Nance was tied to a chair and submerged in a cask of distilled spirits, to help preserve her body, until Captain Martin were able to take the body back home. Not long after Nance’s death, John mysteriously disappeared from the ship, many believing he was swept overboard during a storm. Not able to cope with the loss of both children, Captain Martin returned back home to Wilmington, and his house (the former Cooke house). He buried his daughter Nance (still in the barrel) in the Oakdale Cemetery.
In 1866, the old Cooke house got a new resident, William Anderson, a silversmith. Due to the south losing the civil war and the economy almost completely collapsing, silver was not in high demand and few people were buying it. Losing his fortune, and in debt and poor health, William hung himself in 1871 from a pecan tree in the backyard of the Cooke house.
Many strange happenings occur in the Cooke house. The house had a number of owners who had very bad fortune thrust upon them — deaths and mysterious disappearings happening to its’ residents. The house is claimed to be haunted, but by which of the many tortured and cursed souls?

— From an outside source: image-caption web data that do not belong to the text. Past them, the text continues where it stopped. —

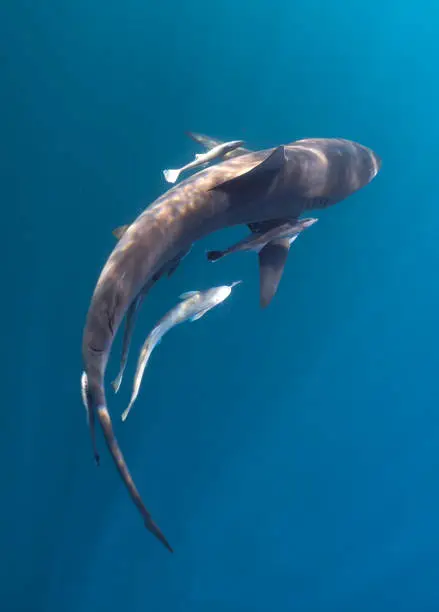 Shortfin Mako Shark Free Diving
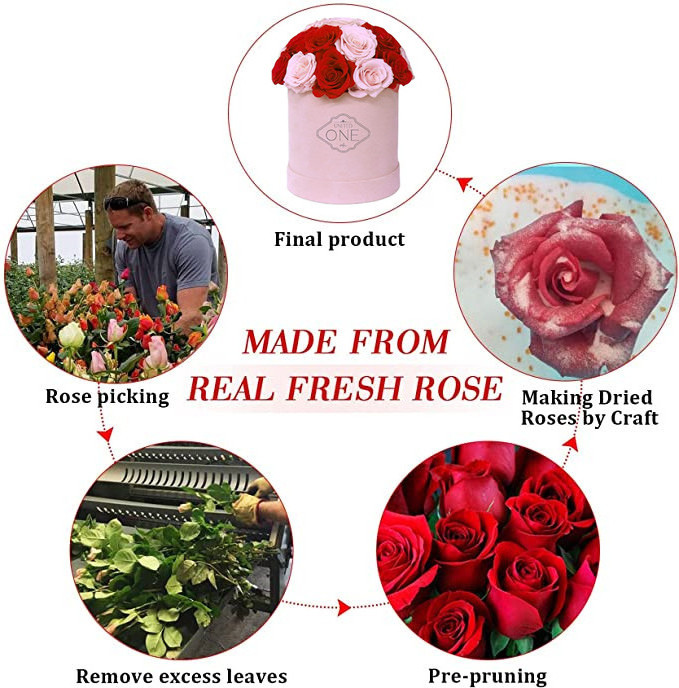 UO Eternal roses preserved flowers rosas eternas preservadas 2020 decorative rose forever box gift preserved roses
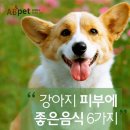 강아지 피부에 좋은 음식 6가지! 이미지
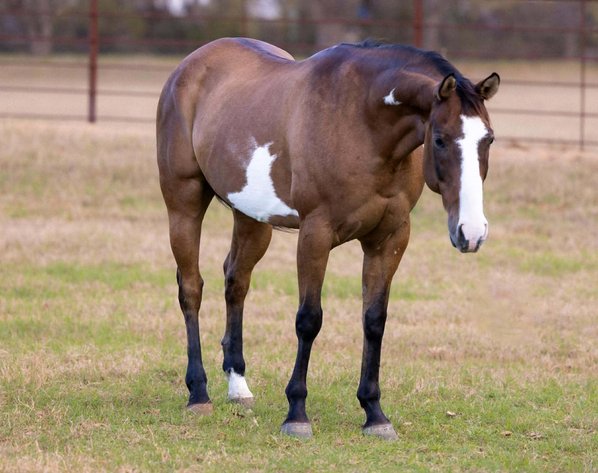 Image for Jones Livestock Auction Christmas HORSE & TACK SALE!   SATURDAY, DECEMBER 13TH!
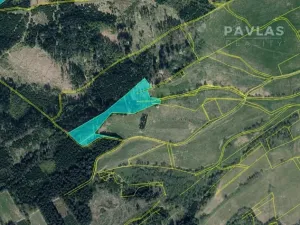 Prodej lesa, Jiříkov, 126160 m2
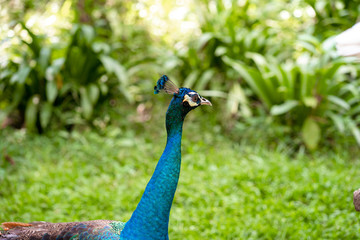 Obraz premium A beautiful manicured peacock walks in a green bird park.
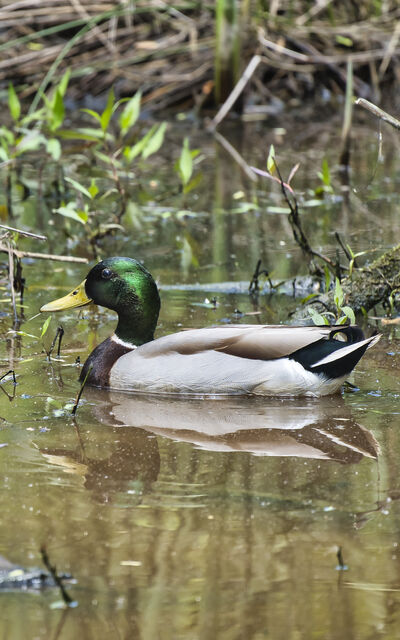 Mallard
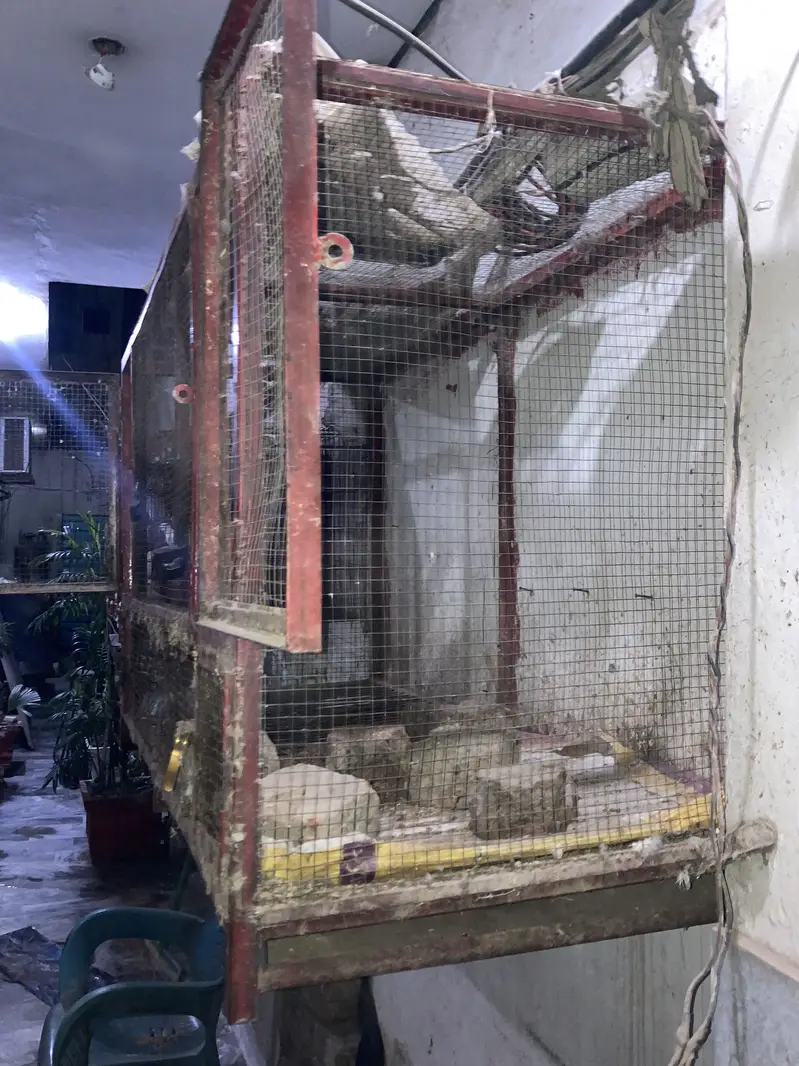 Cage for sale — photo 5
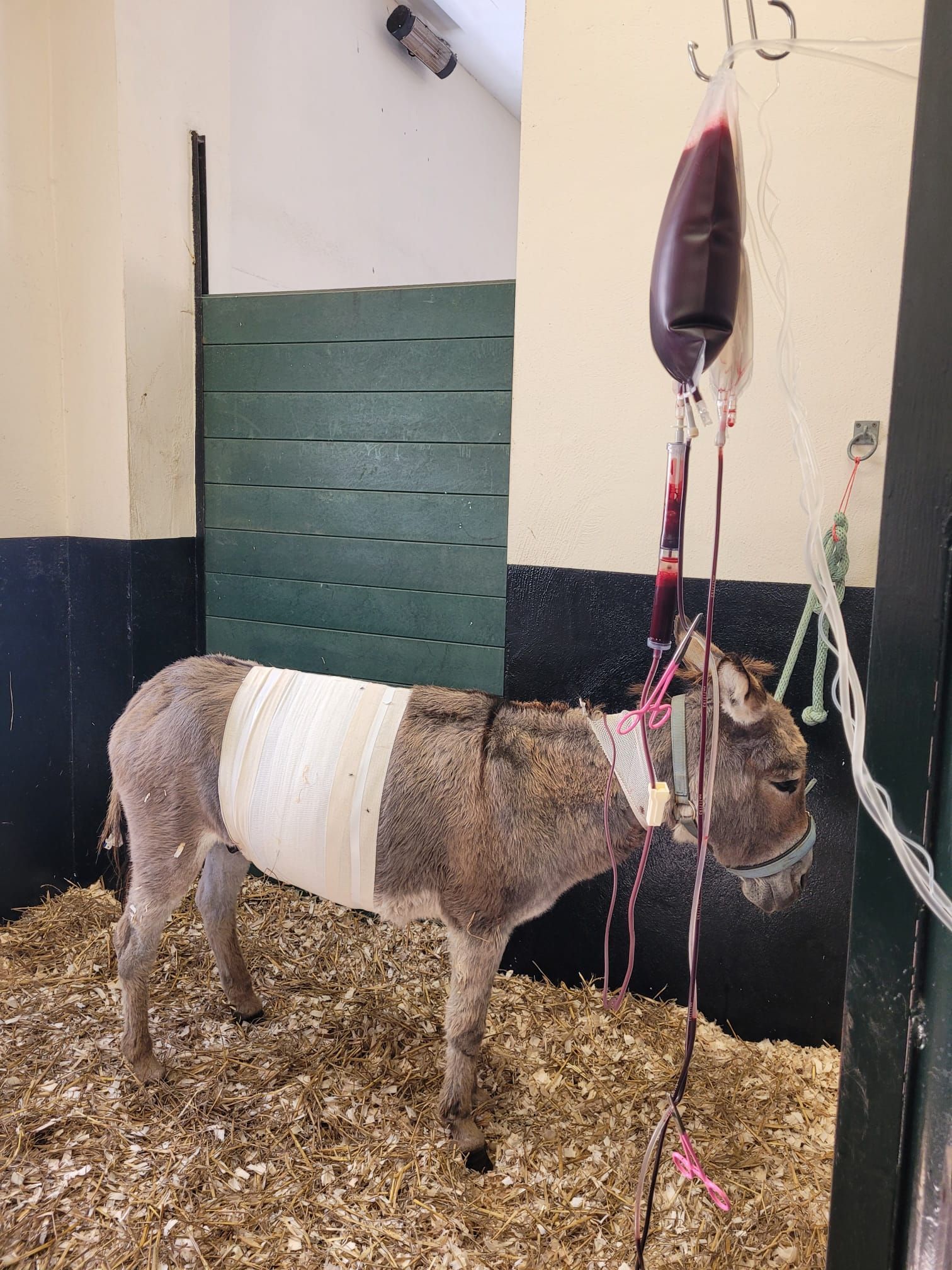 donkey with bandages and a drip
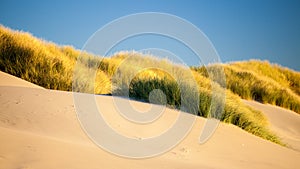 Sand dunes and grasses on a beach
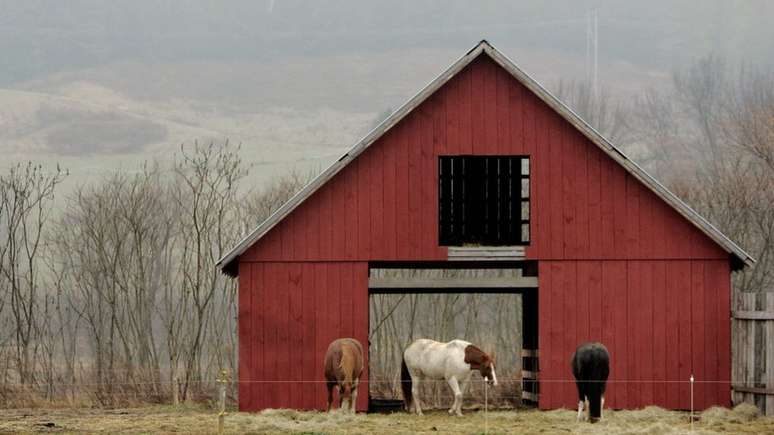 O setor de laticínios em Vermont está tentando atrair uma força de trabalho mais diversificada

People have heard light footsteps where there is no body (most believe it is Nance Martin pacing back and forth)
- Ghostly moaning is heard throughout the property. And at times many of the light bulbs fizzle and burn out at an alarmingly rate is thought to be William Anderson — in an act trying to conceal his horrible suicide.
- A ghostly figure surrounded in a blue-black haze, appears and levitates. Mot believe this is Captain Cooke.
- During a ghost tour, a man’s phone rang (he thought he had turned it off) and he answered it. It was a wrong number — but the person on the other end was looking for someone named Cooke.